Weirdly, someone pinged me about a week ago asking about the A* algorithm. Wut?, I thought to myself, and then remembered writing an article about it way back when. So, here goes…
The A* algorithm (pronounced “A Star”) is an algorithm that tries to find the best path to go from here to there (imagine me pointing and hand-waving at this juncture). As a definition that’s a little woolly, so let’s see if I can’t add some more weight. By “best path” I mean a path that is smallest in “distance” or “time” or “effort” (or all of the above) to go from one state to another in some problem space. Mmm, we seem to be drowning in abstractions so let’s be a little more concrete.
You are writing a strategy game. The computer is in charge of one or more workers (like farmers, woodsmen, soldiers) and has to maneuver them around some dynamic landscape that has obstacles in the form of walls, trees, or water or other workers. How does the software calculate the best path for a worker to go from point A to point B and avoid (or go round) the obstacles in its way?
You are writing a mapping program which has to provide driving directions to go from point A to point B. The program has to take account of various issues: highways tend to be faster than side roads; traveling at a faster speed uses more fuel and is therefore more expensive; road works can disrupt the traffic flow; toll roads cost money to use; and so on.

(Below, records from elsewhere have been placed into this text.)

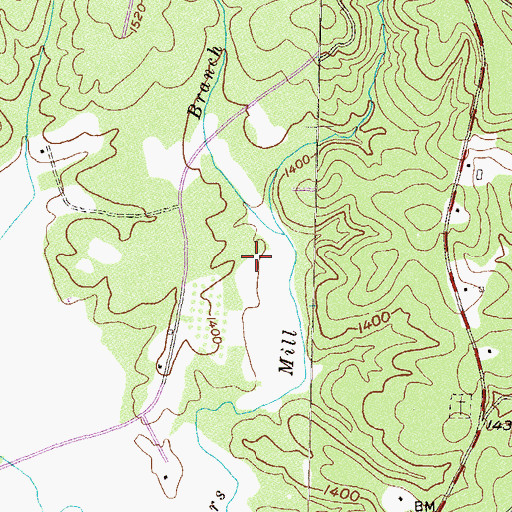Topographic Map of Arrendale Forest Airport, GA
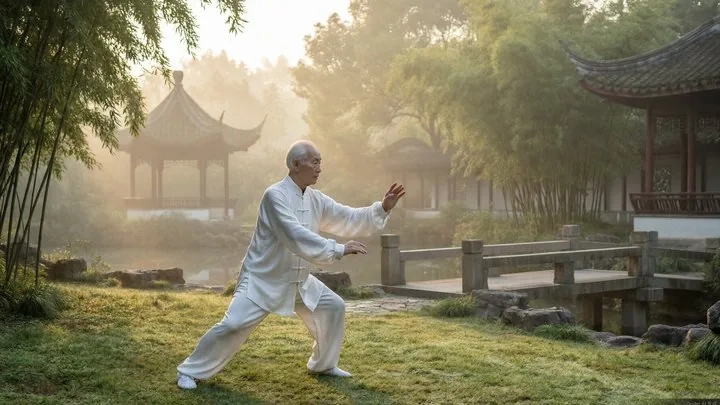 An elderly man practicing tai chi in a misty garden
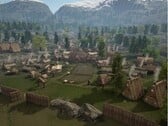Uma imagem que mostra uma cidade na Terra dos Vikings.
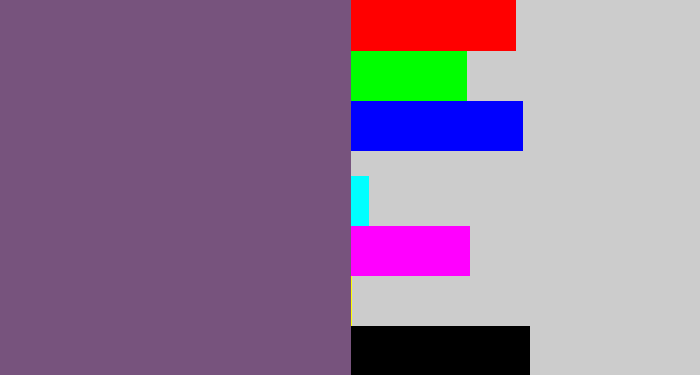 Hex color #77537d - dull purple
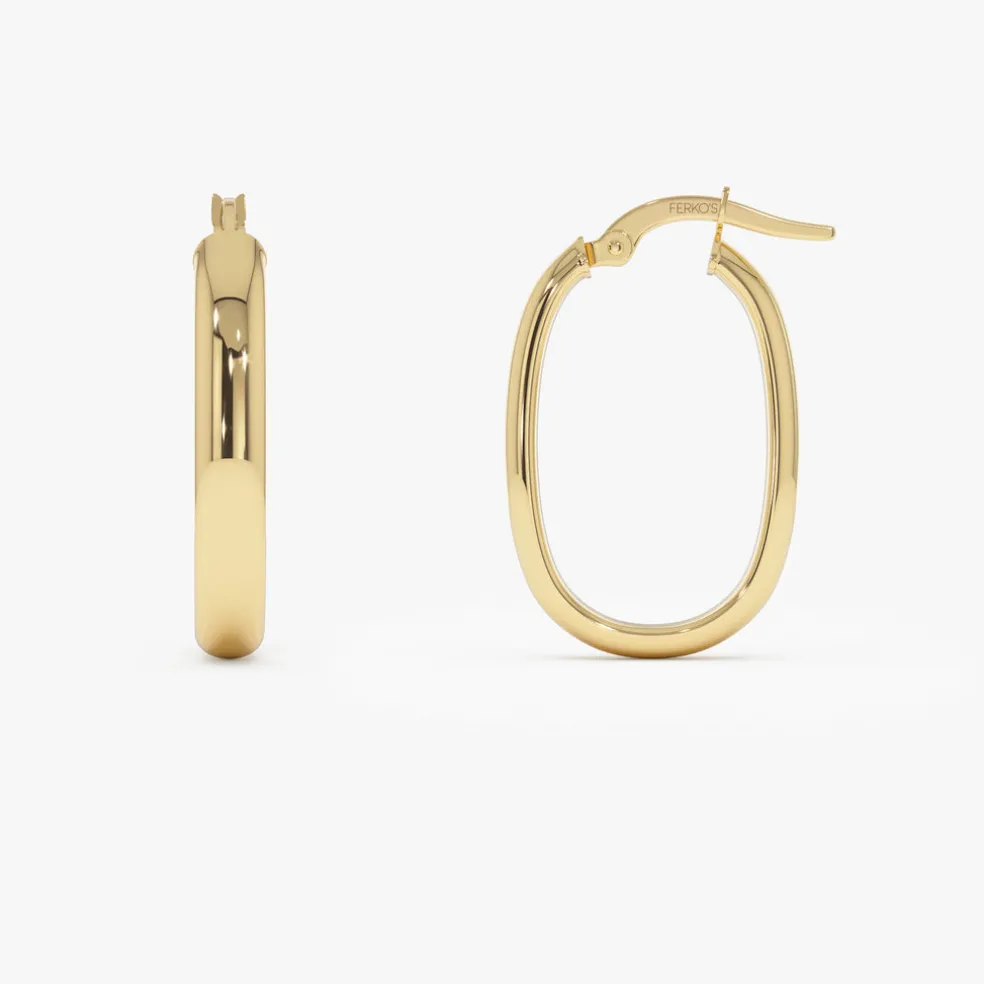 14K Gold Oval Dome Hoop Earrings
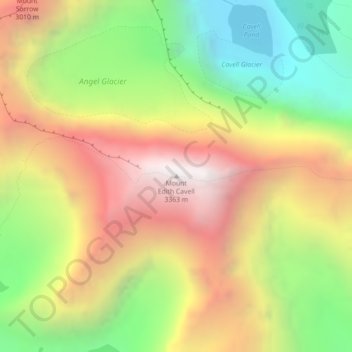Mappa topografica Mount Edith Cavell, altitudine, rilievo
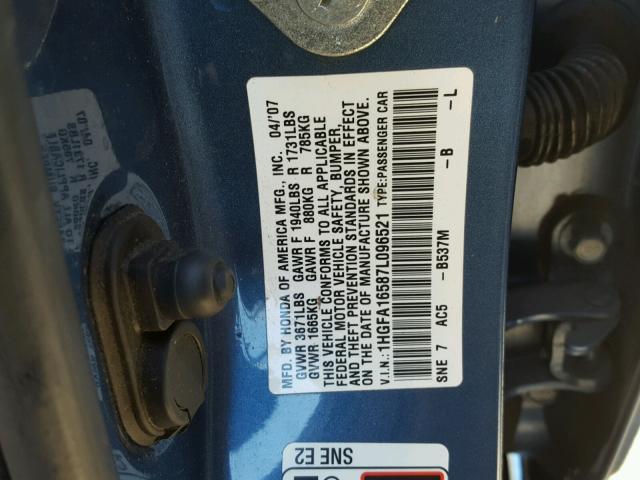 1HGFA16587L096521 - 2007 HONDA CIVIC LX BLUE photo 10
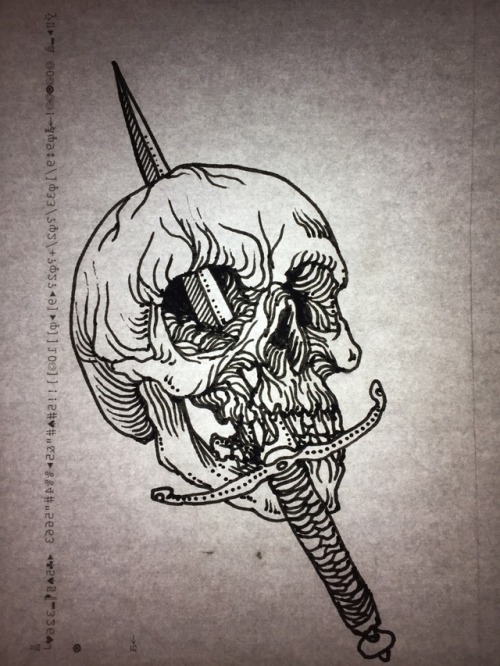 skull drawing on Tumblr
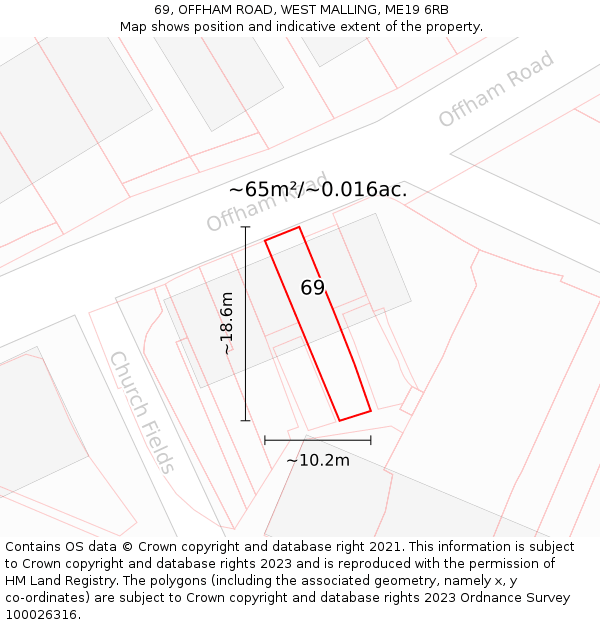 69, OFFHAM ROAD, WEST MALLING, ME19 6RB: Plot and title map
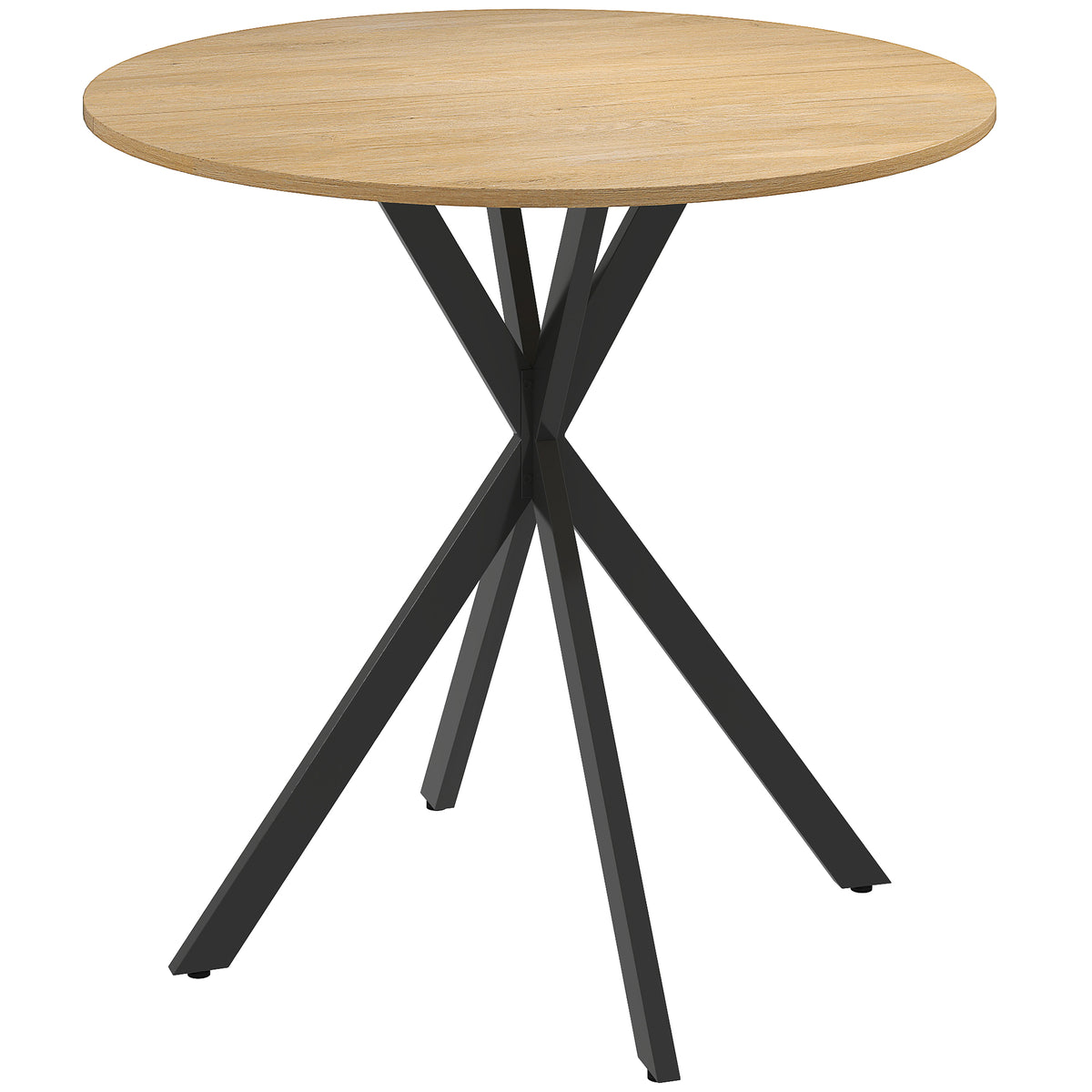 Industrial Round Dining Table with Cross Legs Oak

You are writing a solver program for a sliding tile puzzle. The most familiar example of such a puzzle is a 4x4 square board containing 15 square tiles (that is, one of the possible 16 is not present and so there’s an empty space), numbered from 1 to 15. The tiles can be slid into the empty space, one by one, left/right or up/down, and the board has a lip around it to stop you sliding the tiles off the board. The puzzle is to mix the tiles up (by sliding them around randomly) and then bring them back into numerical order. What’s the quickest way of doing that?
In each of these examples we have some starting point and a goal we’re trying to reach. Both of these are known as states and the problem space we’re considering is known as the state space. The state space governs whether (and how) we can move from one state to another. In effect, what we need to do in order to solve the problem is to generate states until we reach the goal. The generation of successive states would presumably be under the control of some algorithm, otherwise we’re generally left with a huge number of calculations to do.
In the sliding puzzle game I described above, there are 16! (16 factorial) different states in the game (in other words, there are 16! different ways to arrange the 15 tiles and the one space on the board). That’s 2.0 * 1013 different states, quite a few and enumerating them all just to find the quickest way to go from our original mixed up state to the final in-numeric-order state is a little overkill even if it were practical. If we wanted to write an application that worked on higher order puzzles (such as a 10x10 version with 100! or 10158 possible states) we’d have to find a better way to perform the calculation.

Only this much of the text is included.